Extraño concepto el de la libertad, que ha ido achicándose con el paso de las épocas. Desde antes del cristianismo ya era meta a conseguir, y con la religión volvió a modificarse su voluntad inicial. Los estoicos decían que la libertad tenía que ver con una autonomía interna de quien perseguía el dominio de las pasiones y la racionalidad. Siglos después, en plena Edad Media, se volvió a Aristóteles y su libertad interior aderezada con el libre albedrío. Kant, muy probablemente, fue el primero que sostuvo que la libertad era pura utopía, salvando a la libertad de pensamiento. Pero el siglo pasado llegaron marxismo y democracias para cavar dentro de la gran fantasía que se alarga hasta nuestros días: la libertad como un derecho, que más o menos es como no decir absolutamente nada. Papel mojado. Noche de Reyes.
Filosóficamente, que es lo que me interesa –otra forma de buscar la libertad: alejarte de las políticas diarias y sus blandengues demostraciones democráticas mechadas de esclavismo adornado–, existen dos tipos de libertad: la sociológica, o la que dice la ONU con los manidos derechos y libertades del ciudadano; y la libertad de la voluntad, que engloba a la libertad psicológica y a la libertad moral, que tiene que ver, en general, con la libertad de elección, alejándote de los canones oficiales y/o mayoritarios. O, en resumidas cuentas, saliéndote del pentagrama para sonar como tú quieras.
Como decía, en nuestra época la libertad no existe. En absoluto. Porque lo que con la boca llena de libertad dicen que existe no es más que una mentira. A las radios así como a los partidos políticos se les llaman libertad como en los panfletos políticos se trata de repetir una y otra vez la palabra –la sinonimia, en este caso, jamás es utilizada– para que el concepto no alcanzable cale entre la sociedad moderna, globalizada, ganado a fin de cuentas. Pero ganado, rebaño, que accede a modernidades tecnológicas, centros comerciales y viajes anuales a paraísos lejanos urbanizados de manera similar a sus barrios: el sueño del esclavo en traje del Zara.
Debe quedar claro que si tienes familia, hipoteca y trabajo de forma habitual no puedes llegar a ser libre. Otra cosa es que siquiera te lo plantees. Pero no, no desecho al matrimonio y los hijos, así como al esfuerzo por realizar proyectos remunerados y el avanzar en acaparar posesiones con valores al alza. Para nada. Sólo digo que esas metas, tan previsibles y repetidas a diario y en cada esquina del ancho mundo, son otra cosa, pero nunca un ejercicio asociado a la libertad.
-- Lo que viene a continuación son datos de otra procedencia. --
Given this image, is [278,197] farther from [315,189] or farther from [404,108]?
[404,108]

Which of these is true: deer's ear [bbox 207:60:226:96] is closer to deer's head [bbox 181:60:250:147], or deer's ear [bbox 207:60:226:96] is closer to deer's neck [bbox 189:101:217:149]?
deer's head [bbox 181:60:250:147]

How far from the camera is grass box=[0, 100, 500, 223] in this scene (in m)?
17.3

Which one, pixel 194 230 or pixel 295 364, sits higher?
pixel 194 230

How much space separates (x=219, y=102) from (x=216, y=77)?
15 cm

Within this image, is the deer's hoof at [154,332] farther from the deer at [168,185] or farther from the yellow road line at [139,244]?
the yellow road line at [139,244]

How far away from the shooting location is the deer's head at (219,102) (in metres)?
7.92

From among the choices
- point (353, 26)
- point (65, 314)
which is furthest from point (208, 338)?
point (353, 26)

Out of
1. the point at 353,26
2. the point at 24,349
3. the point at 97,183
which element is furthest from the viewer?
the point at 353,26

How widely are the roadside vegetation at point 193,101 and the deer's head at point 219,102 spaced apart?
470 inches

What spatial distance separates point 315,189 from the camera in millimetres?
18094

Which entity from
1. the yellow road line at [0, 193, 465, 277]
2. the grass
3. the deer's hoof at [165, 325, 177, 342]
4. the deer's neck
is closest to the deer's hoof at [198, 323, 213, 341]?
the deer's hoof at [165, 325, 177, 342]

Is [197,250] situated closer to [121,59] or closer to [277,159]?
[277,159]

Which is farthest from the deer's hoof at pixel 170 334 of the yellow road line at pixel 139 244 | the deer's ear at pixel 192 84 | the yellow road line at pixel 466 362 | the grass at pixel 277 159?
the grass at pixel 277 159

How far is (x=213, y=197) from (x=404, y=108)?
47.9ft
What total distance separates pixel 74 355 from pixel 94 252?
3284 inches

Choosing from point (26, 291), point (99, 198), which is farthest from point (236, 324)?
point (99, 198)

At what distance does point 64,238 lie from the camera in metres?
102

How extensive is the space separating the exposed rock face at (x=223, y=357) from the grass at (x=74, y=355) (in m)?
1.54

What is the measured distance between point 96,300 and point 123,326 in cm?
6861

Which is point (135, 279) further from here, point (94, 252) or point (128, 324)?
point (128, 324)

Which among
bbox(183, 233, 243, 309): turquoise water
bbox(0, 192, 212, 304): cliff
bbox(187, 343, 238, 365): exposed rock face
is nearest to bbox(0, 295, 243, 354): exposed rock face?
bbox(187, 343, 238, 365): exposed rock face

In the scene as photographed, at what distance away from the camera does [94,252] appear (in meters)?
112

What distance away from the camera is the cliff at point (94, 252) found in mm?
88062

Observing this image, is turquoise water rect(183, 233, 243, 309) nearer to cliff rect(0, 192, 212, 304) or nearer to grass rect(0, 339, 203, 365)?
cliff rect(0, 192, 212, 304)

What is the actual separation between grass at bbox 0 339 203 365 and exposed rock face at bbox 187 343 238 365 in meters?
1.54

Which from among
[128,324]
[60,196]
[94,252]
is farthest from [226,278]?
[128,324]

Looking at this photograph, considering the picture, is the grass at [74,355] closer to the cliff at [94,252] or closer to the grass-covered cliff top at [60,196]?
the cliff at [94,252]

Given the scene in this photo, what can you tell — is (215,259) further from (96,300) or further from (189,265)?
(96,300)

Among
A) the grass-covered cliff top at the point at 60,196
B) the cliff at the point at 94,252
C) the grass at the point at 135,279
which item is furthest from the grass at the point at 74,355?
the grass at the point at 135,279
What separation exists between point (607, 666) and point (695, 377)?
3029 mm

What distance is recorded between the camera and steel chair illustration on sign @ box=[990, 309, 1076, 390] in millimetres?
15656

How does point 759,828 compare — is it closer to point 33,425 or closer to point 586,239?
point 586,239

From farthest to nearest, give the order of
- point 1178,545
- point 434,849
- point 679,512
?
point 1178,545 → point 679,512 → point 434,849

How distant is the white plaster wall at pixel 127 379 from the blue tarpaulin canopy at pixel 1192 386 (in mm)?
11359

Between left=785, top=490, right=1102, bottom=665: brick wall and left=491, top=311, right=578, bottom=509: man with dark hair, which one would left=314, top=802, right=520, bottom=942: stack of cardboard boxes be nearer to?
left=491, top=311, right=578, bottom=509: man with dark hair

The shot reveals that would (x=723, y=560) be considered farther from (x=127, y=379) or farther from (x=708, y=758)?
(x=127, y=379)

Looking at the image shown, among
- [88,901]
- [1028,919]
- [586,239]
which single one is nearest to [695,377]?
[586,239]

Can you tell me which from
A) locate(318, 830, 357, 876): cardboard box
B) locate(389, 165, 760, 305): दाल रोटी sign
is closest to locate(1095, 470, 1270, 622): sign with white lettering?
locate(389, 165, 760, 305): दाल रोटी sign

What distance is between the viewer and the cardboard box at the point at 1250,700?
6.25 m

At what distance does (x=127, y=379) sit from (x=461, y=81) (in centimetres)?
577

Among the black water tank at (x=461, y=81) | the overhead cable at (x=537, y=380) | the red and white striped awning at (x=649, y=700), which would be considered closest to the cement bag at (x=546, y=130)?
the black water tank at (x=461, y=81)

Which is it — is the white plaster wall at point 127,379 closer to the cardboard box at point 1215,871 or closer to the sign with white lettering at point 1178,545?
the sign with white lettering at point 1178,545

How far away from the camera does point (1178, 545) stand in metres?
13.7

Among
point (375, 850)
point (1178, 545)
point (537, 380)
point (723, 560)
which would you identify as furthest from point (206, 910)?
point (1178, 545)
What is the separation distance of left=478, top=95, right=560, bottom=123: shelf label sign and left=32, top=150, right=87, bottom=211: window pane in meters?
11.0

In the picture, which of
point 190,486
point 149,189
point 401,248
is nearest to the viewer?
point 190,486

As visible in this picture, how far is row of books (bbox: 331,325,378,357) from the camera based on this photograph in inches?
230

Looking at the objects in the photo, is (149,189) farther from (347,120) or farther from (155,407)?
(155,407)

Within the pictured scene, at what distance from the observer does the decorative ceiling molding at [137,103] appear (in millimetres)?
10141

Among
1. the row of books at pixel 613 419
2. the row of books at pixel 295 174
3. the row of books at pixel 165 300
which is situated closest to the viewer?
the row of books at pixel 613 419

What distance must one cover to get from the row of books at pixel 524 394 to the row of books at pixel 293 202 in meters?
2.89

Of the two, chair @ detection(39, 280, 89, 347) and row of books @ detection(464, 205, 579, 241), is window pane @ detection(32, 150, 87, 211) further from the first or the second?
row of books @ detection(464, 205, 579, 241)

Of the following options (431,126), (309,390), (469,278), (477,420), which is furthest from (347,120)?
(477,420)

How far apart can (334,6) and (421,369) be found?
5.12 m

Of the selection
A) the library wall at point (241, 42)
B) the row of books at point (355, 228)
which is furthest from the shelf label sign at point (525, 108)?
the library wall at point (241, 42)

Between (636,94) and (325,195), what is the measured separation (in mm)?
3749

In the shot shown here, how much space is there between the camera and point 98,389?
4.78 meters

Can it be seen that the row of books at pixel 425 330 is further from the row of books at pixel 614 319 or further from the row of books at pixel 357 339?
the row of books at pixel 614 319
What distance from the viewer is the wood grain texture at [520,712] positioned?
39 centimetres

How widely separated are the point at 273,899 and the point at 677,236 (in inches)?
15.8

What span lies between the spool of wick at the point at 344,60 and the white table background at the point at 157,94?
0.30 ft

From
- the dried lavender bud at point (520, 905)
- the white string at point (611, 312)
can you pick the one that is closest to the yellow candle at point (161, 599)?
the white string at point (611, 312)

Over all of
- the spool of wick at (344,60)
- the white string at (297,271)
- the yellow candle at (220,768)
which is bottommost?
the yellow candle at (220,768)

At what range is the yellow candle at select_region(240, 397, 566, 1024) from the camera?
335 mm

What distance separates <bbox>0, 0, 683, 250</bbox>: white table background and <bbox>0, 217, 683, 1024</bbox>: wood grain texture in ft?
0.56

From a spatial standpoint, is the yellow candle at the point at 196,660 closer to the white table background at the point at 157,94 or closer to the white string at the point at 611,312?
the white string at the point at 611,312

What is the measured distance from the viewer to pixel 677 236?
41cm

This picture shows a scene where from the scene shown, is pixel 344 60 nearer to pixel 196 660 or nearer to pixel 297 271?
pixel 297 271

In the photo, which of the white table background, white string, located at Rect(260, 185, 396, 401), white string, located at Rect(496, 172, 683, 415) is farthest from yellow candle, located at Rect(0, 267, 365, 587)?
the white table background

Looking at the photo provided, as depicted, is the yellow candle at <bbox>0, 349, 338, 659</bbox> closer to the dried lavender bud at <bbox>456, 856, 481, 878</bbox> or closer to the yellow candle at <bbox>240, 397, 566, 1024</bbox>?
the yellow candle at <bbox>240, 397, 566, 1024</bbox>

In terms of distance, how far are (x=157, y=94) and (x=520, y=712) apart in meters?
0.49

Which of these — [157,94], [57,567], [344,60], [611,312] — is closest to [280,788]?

Por eso, y sólo por eso, quería contarles que tras prácticamente medio siglo de vida a punto de ser cumplidos, me he topado con lo más cercano que jamás he sentido y que tiene que ver con la utópica libertad: la única y real, porque la verdadera no existe; aquella que no te cuentan en los telediarios ni mucho menos en los colegios: salir de casa y regresar 90 días después. Salir de casa sin un destino claro. Decidir por dónde cabalgo, dónde pazco, cuándo decido salir de mi última morada y con destino a dónde. No les hablo de viajar. Ni de hacerme selfies o visitar palacios y templos vestido con el traje tradicional. Les hablo de tomar decisiones en base a la nada alejándome por completo del circular diario, fuera de toda nómina, reunión de trabajo y/o hasta subvención por no dar ni chapa. Les hablo de optar, hablando claro y mal, por lo que me salía de los huevos. Sin mirar el pronóstico del tiempo, cómo estaba el cambio de la divisa, sin reserva de hotel o pensión, con la única meta de encontrarme a mí mismo. Y sigo si me encontré.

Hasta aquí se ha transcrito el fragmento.